Coming to trust connection in leadership means having the humility to know we don’t have all the answers, nor could we. Instead of tuning out with the closure that certainty brings, we tune in to the field of possibility, as one might listen to catch the beat of song. Trusting connection means we trust ourselves to move and adapt with the flow of things, feeling a part of it, rather than apart from it. Trusting connection in relationships means we connect the right people and put the right relationships in place knowing emergent properties that we couldn’t possibly predict will add needed creativity to the mix.

Nothing fuels this trust more than having our own genuine experience of interconnectedness, which again is a ready product of contemplative practice. And nothing could be more valuable in leadership than functioning from the wisdom that arises from this experience.
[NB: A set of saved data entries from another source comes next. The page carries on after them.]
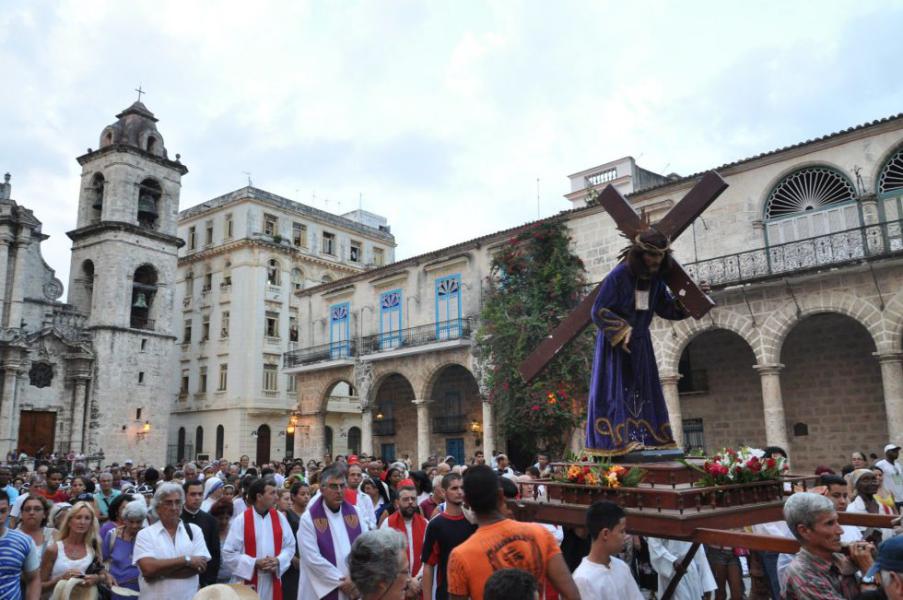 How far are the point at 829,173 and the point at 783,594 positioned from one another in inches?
596

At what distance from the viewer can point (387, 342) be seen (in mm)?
24797

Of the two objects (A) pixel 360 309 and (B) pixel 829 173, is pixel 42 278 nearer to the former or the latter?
(A) pixel 360 309

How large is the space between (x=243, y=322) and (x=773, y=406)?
2650 centimetres

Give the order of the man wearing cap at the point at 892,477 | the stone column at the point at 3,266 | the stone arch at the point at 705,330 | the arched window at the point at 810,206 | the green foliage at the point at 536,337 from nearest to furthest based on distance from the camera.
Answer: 1. the man wearing cap at the point at 892,477
2. the arched window at the point at 810,206
3. the stone arch at the point at 705,330
4. the green foliage at the point at 536,337
5. the stone column at the point at 3,266

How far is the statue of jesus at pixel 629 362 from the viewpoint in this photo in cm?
534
SENSE WHAT’S READY TO HAPPEN AND ENACT IT

Leaders create the future. That’s how we commonly look at it, as if leaders had the power to create something from nothing. But when regarded from the point of view of an interconnected universe and the laws of physics, whereby energy is neither created nor destroyed, it would be more accurate to say leaders sense the future. They resonate with something in the Zeitgeist, that stirs an idea, ignites their imagination, and resonates with sufficient strength that bit by bit, act by act, they become one who manifests that idea. When a leader exactly matches in thought, word, deed and relationships, who they would be when a creation they’ve imagined is realized, that creation is brought into the present, because that’s where the leader exists. Now. Where we all exist.

This interconnected way of looking at the creative capacity of leadership is potent and practical. It puts a premium on using our body-mind instrument as a sensing antenna to listen to the people and conditions around us, to listen for, as MIT’s Otto Scharmer would call it, “the emerging future.” As we sense a worthy goal or direction, the next question becomes how do we let it change us? We do well to get very precise in imagining when that idea is true, how are we different? Who’s on our team who is not there now? What are we doing that we’re not doing now? What practices are supporting us that we’re not practicing now? When we do such an exercise, invariably we find shifts we can make to better match the leader of our goal or direction once realized. Bit by bit, act by act, we become the future we want in the present. Far from being an inert change agent, we are exactly the agent changed.

String Theory may not be faring so well in the latest developments from high energy physics, but leadership that builds on the vastly more interesting and interconnected universe being revealed can fare well, indeed, and help the world fare better.

Ginny Whitelaw is the Founder and CEO of the Institute for Zen Leadership.